To bring a boy’s murderers to justice, a prosecutor wrestled with his own childhood abuse
Jon Hatami’s voice shook and he stared down at the courthouse floor as reporters packed around him. Minutes before, the prosecutor had won a conviction in the killing of Gabriel Fernandez, one of the most infamous and chilling child abuse cases in California history.
When paramedics arrived at Gabriel’s Palmdale home in the spring of 2013, the 8-year-old had shattered ribs, a cracked skull and cigarette burns dotting his unconscious body, signs of the torture inflicted by his mother and her boyfriend.
After Hatami was assigned the case, he long guarded the gruesome details inside his mind, unable to speak publicly about the prosecution that had both infused him with deep purpose, but also strained his marriage and eroded his trust in law enforcement. In the fall of 2017, moments after jurors convicted the boyfriend, Isauro Aguirre, of murdering Gabriel, Hatami thought it was finally safe to unburden his heart.
During that emotional news conference, he stunned the crowd.
“Sorry,” he said in a hushed voice, swallowing tears. “I was a victim of child abuse.”
“At what age?” a reporter shouted.
“Four, five,” Hatami answered, closing his eyes.
Reflecting on that episode now, Hatami described his public revelation as spontaneous — a split-second decision to highlight his own past. The 49-year-old prosecutor said that as a child, he was physically and verbally abused by his father and kidnapped and shuttled across the country by his mother, leading to years of emotional instability.
And he believes that his experiences and years of self-reflection make him uniquely equipped to prosecute child abuse cases.
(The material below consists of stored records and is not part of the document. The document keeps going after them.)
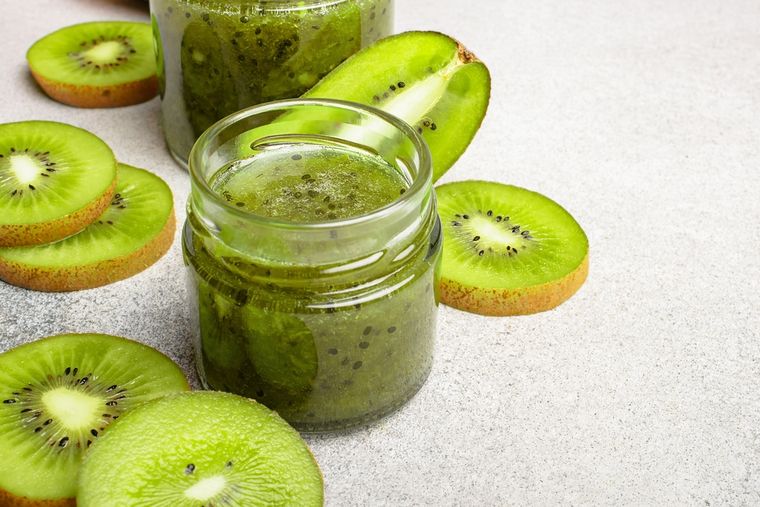 La receta de mermelada de kiwi resalta por su color verde intenso, que se mantiene incluso después de la cocción. La receta de mermelada de kiwi resalta por su color verde intenso, que se mantiene incluso después de la cocción.
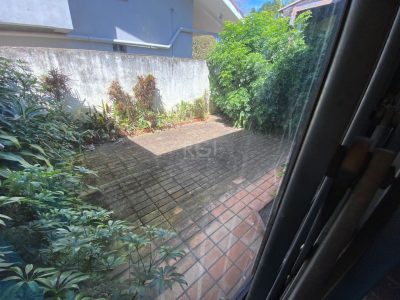 Casa à venda com 280m², 4 quartos, 1 suíte, 4 vagas no bairro Três Figueiras em Porto Alegre - Foto 47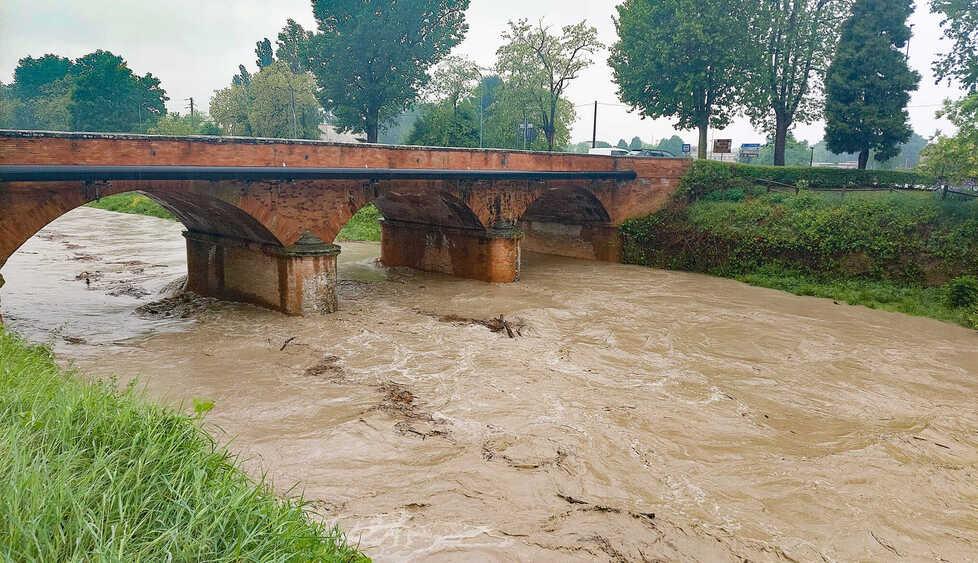 Tresinaro e Secchia si ingrossano, una lunga giornata di tensione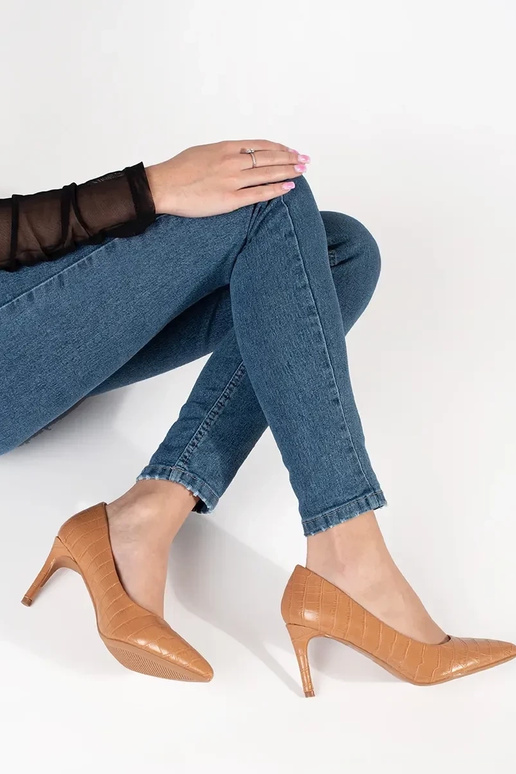 Aukštakulniai smėlio spalvos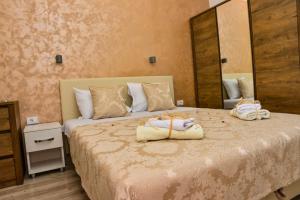 ソコバニャにあるApartmani Milenkovicのベッドルーム1室(ベッド1台、タオル2枚付)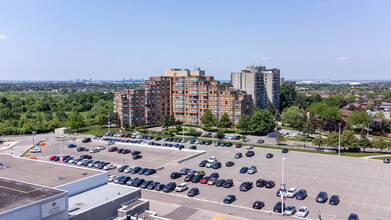 King's Terrace in Toronto, ON - Building Photo - Building Photo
“It’s my truth,” says Hatami, who refers to himself an abuse survivor. “I know what it feels like to be powerless.”
‘It’s my truth. I know what it feels like to be powerless.’
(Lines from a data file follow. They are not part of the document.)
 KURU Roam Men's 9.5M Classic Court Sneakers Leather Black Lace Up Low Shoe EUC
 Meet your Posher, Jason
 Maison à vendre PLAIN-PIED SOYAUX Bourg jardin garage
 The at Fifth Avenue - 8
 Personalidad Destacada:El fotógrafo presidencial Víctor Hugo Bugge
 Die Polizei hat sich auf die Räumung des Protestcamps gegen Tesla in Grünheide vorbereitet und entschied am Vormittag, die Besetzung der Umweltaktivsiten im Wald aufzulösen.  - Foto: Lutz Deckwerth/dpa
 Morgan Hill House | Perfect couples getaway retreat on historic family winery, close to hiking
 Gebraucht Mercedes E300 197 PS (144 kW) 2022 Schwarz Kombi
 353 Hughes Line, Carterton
— Deputy Dist. Atty. Jon Hatami
Prosecuting Gabriel’s case also reawakened some of Hatami’s own demons, pushing him to grapple with old memories and study his own psyche. His cases often involve cycles of abuse — Gabriel’s mother, for example, says she was sexually and physically abused as a child — and he knows that he inherited some of his father’s anger. He dreads the thought of treating his children the way his father treated him — of violating their trust, of instilling fear.
These days, when Hatami reflects on the verdict, his eyes well up. He felt such relief for Gabriel and his relatives: Finally, he thought, the system had done something for them. A few months later, in early 2018, Gabriel’s mother, Pearl Sinthia Fernandez, pleaded guilty to first-degree murder.
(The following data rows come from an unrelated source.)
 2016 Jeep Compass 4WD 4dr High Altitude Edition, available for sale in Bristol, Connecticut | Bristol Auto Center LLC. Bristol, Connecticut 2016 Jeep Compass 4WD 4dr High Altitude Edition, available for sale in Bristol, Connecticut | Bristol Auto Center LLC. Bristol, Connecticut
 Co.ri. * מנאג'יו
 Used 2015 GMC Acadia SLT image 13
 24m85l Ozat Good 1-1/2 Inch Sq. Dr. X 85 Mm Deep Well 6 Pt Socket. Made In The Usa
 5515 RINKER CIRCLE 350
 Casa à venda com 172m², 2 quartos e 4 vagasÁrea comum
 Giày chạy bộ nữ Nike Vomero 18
Raised Catholic and now Lutheran, Hatami sometimes thinks about Gabriel in heaven and wonders whether God or some spiritual force led the case to him.
“I think I became a D.A. for that case,” Hatami says, choking up. “I’ll never have another Gabriel.”
‘I was so small’
His father could be so fun, Hatami says, but small things — watching a TV show he didn’t like or eating food he deemed unhealthy — could set him off, and then his face would shrivel and flush red as he screamed. Sometimes his father slapped him, Hatami says. Other times he yanked him by his hair, smashing his small body into the white walls of their apartment in Queens, N.Y.
In one of his most distinct early memories, he’s standing inside a New York courtroom for a custody hearing and his father whispers in his ear, encouraging him to tell the judge he’d rather live with his father. Hatami remembers feeling terrified. He froze, unable to say a thing.
“The court was so big,” Hatami says, “and I was so small.”
After the hearing, his mother, who’d been granted temporary custody, flew him and his younger brother to Florida, leaving them temporarily with an elderly woman who was a stranger to the young boys.
“My mother kidnapped my brother and I,” Hatami adds matter-of-factly; he believes that his mother feared his father planned to flee with the boys to his native Iran.
In an interview, Hatami’s father, now in his 80s, acknowledges raising his voice to his son, but denies abusing him physically.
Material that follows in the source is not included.